___ DATA FOR THIS TASK ___

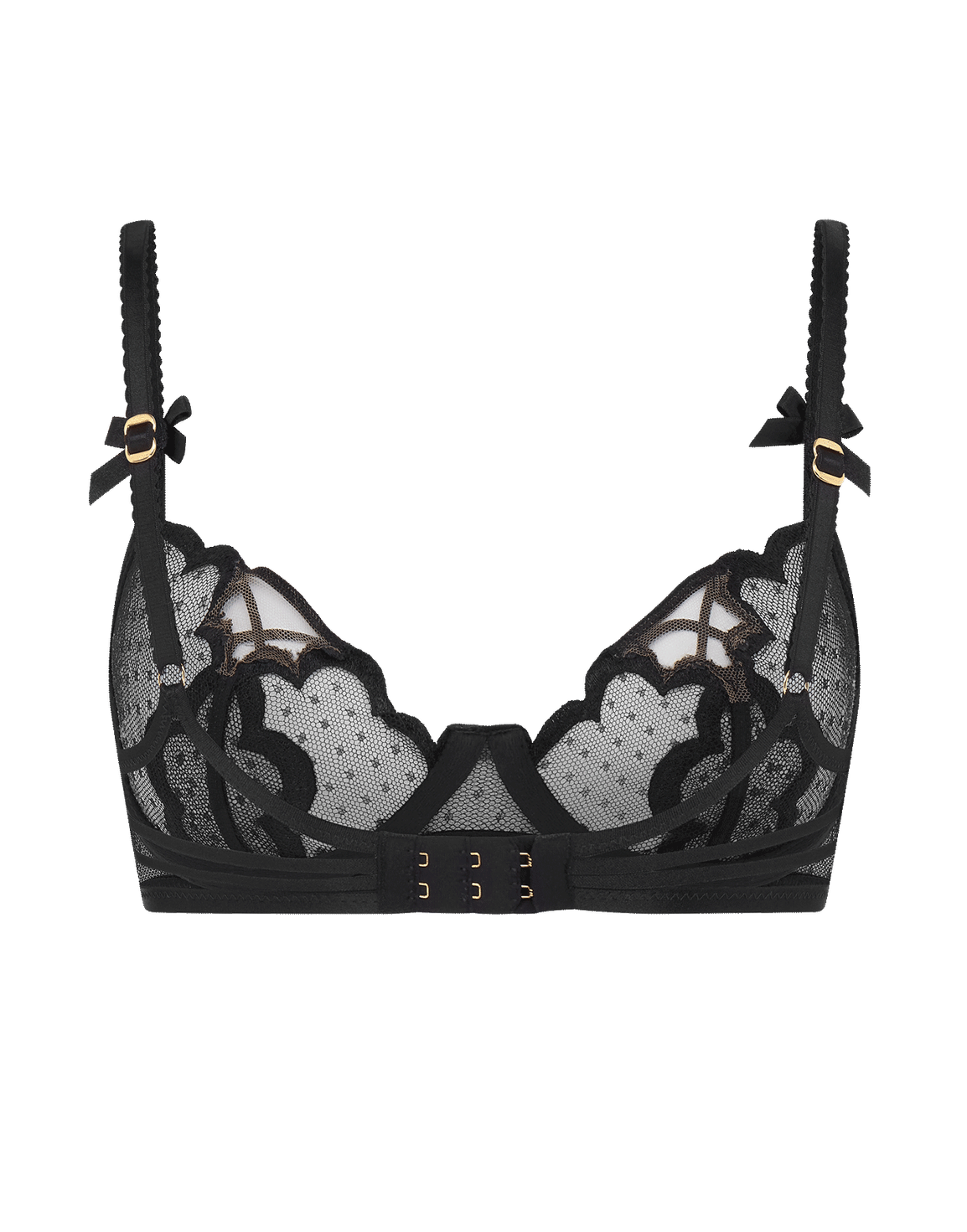 Katanah Balconette Underwired Bra Black | Agent Provocateur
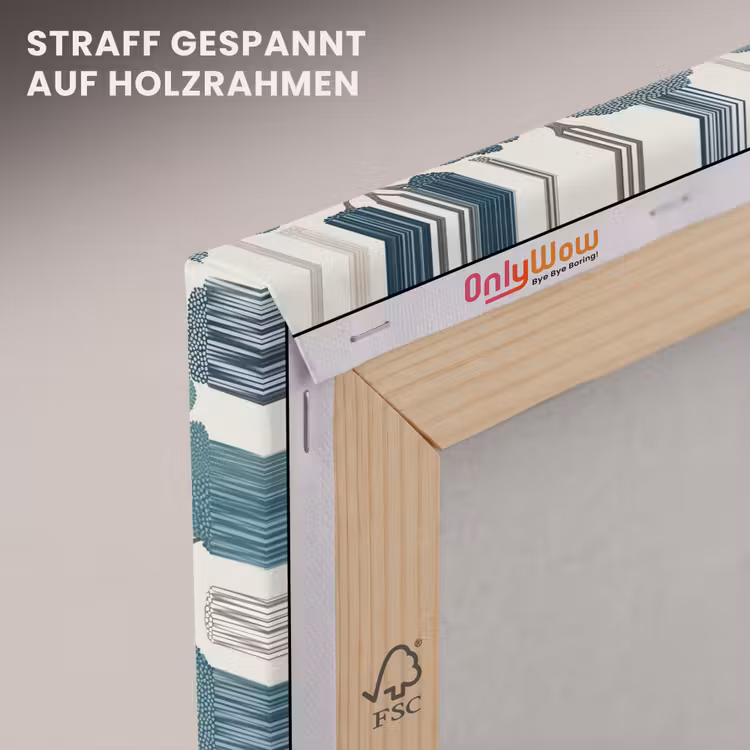Modern - Bomen - Bos - Patroon - Blauw canvas 2cm klein 34 -uniquesellingpoint_afwerking-onlywow_DE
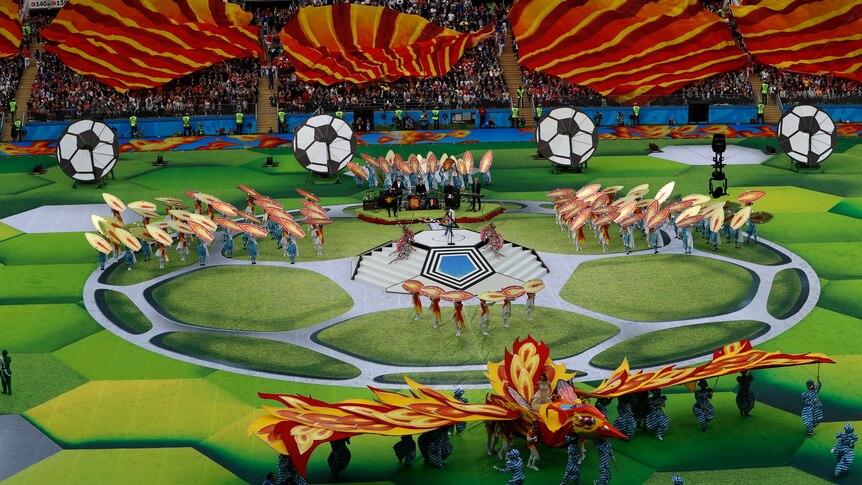 The firebird at the FIFA World Cup opening ceremony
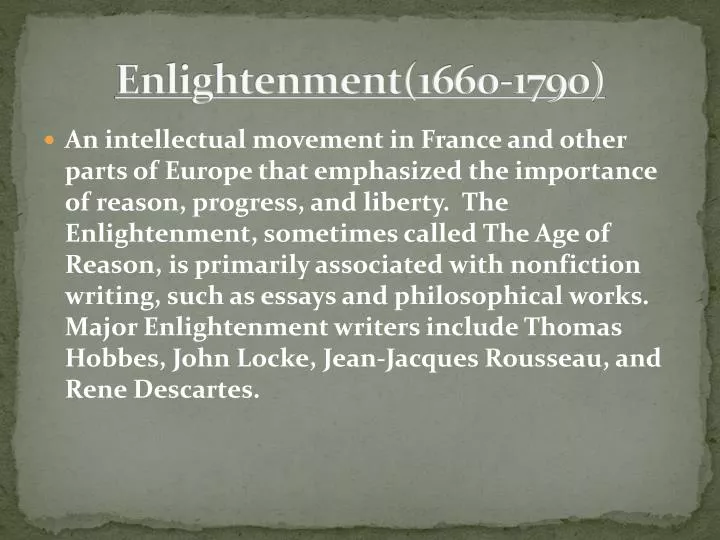 enlightenment 1660 1790 n.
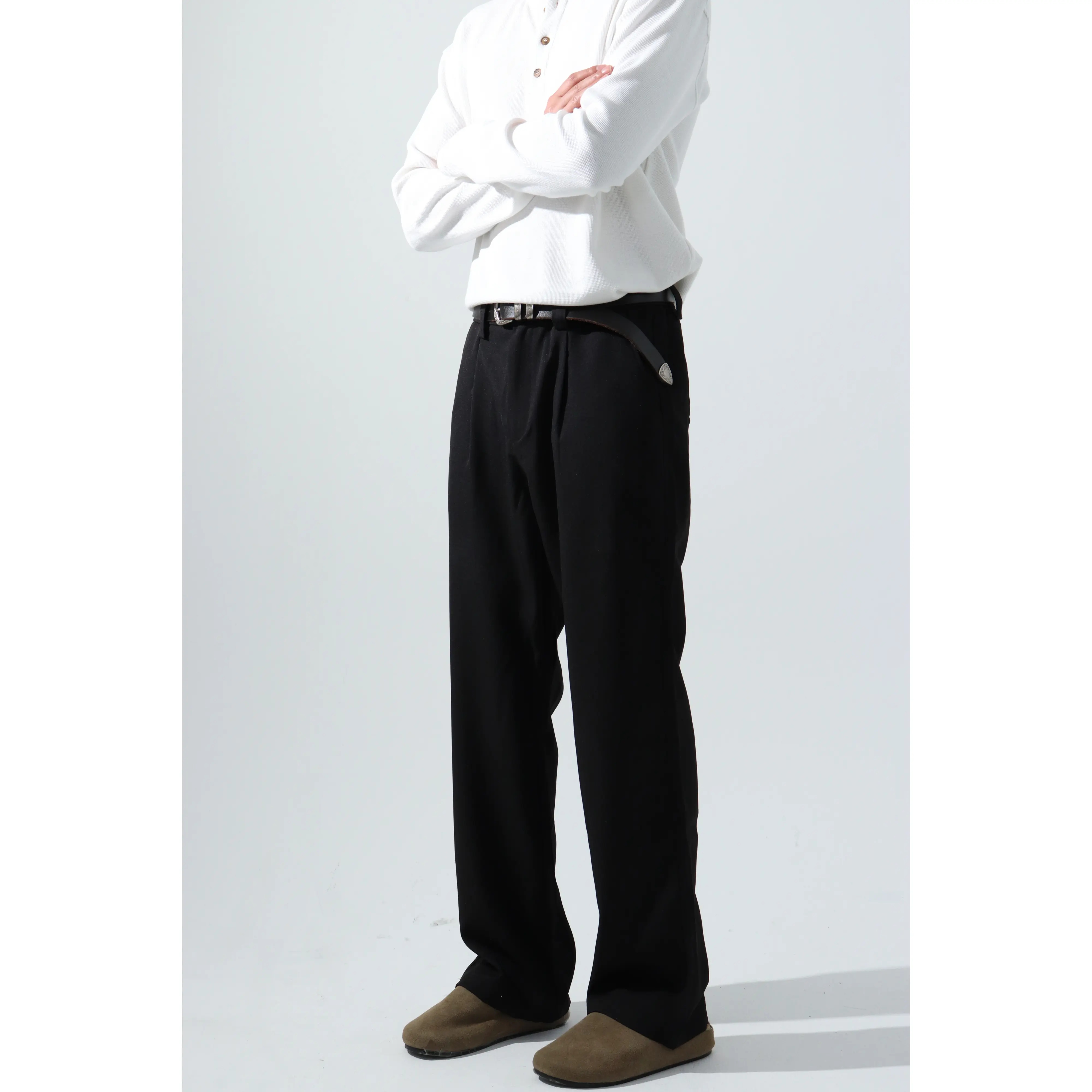 早秋款免烫517直筒微喇侧面三本针工艺cleanfit美式垂感休闲长裤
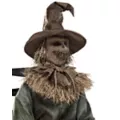 4 Ft 6 In Scary Sitting Scarecrow Animatronic at Spencer's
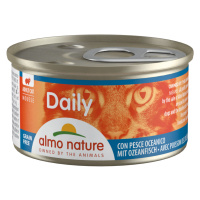 Almo Nature Daily Menu 12 x 85 g - Pěna s mořskou rybou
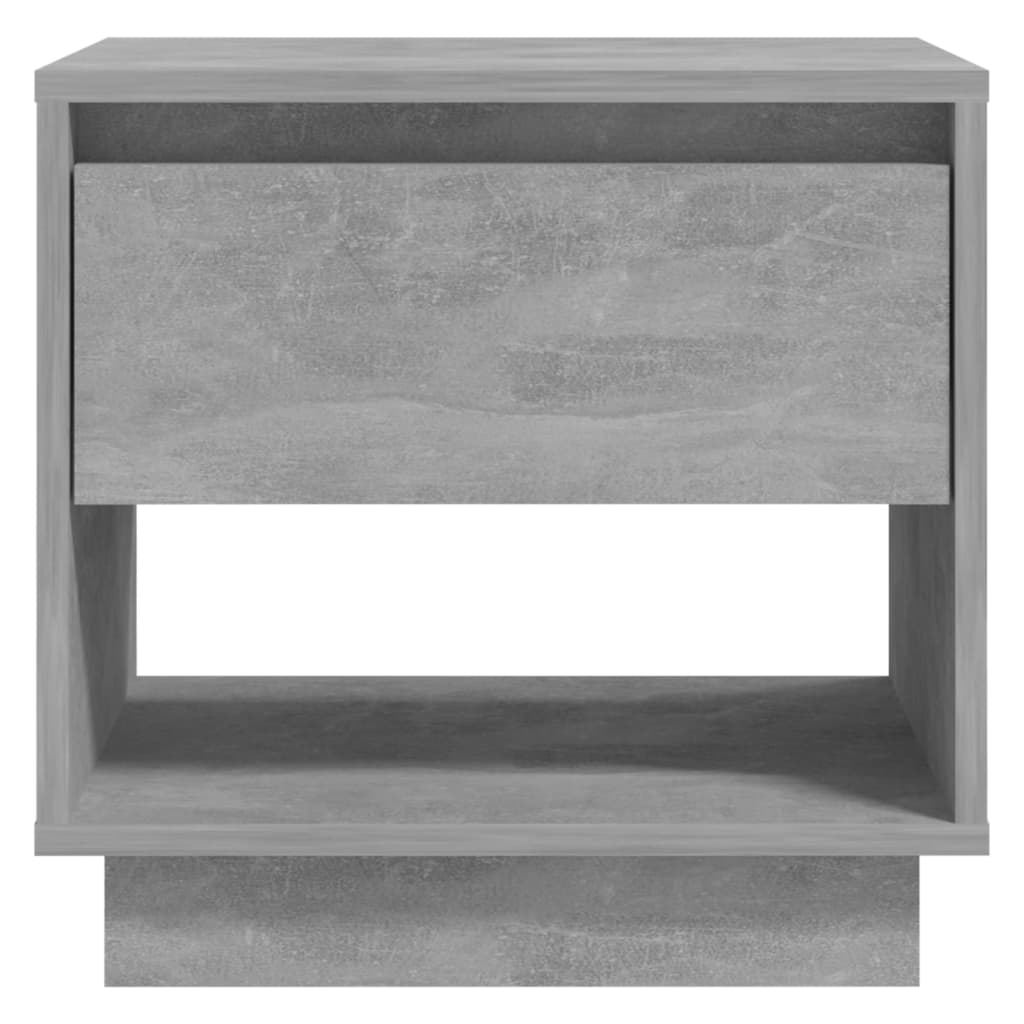 sengebord 45x34x44 cm konstrueret træ betongrå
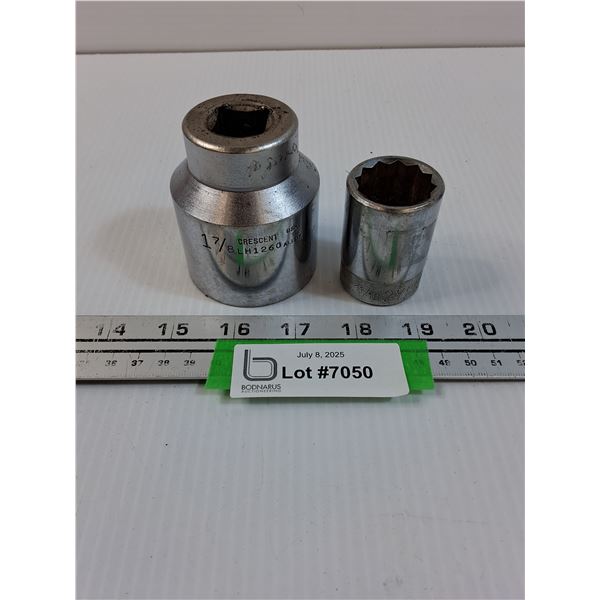 (2) Sockets 3/4" Drive: 1 7/8" & 11/16"
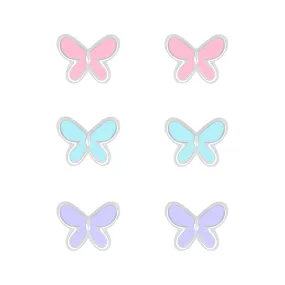 Raajsi by Yellow Chimes 925 Sterling Silver Stud Earrings for Girls & Kids Melbees Kids Collection Butterfly Design| Birthday Gift for Girls Kids | With Certificate of Authenticity & 6 Month Warranty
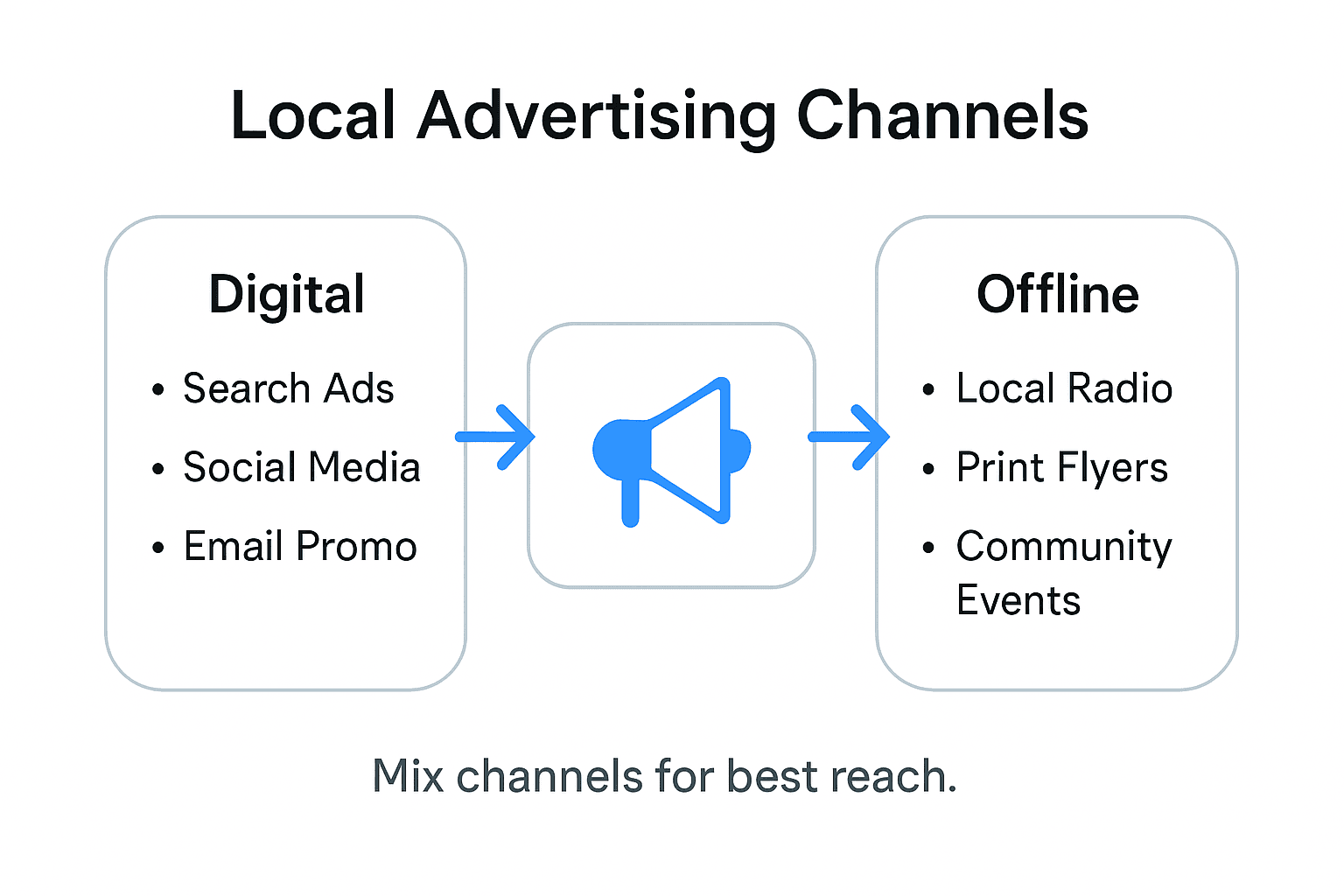 Infographic showing local ad channels for contractors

___

● WHAT NEEDS TO BE DONE
Here the lines from the one containing "Raajsi by Yellow" through the end of the material are to be copied exactly, with the pictures omitted.

● SOLUTION FOR THIS EXERCISE
 Raajsi by Yellow Chimes 925 Sterling Silver Stud Earrings for Girls & Kids Melbees Kids Collection Butterfly Design| Birthday Gift for Girls Kids | With Certificate of Authenticity & 6 Month Warranty
 Infographic showing local ad channels for contractors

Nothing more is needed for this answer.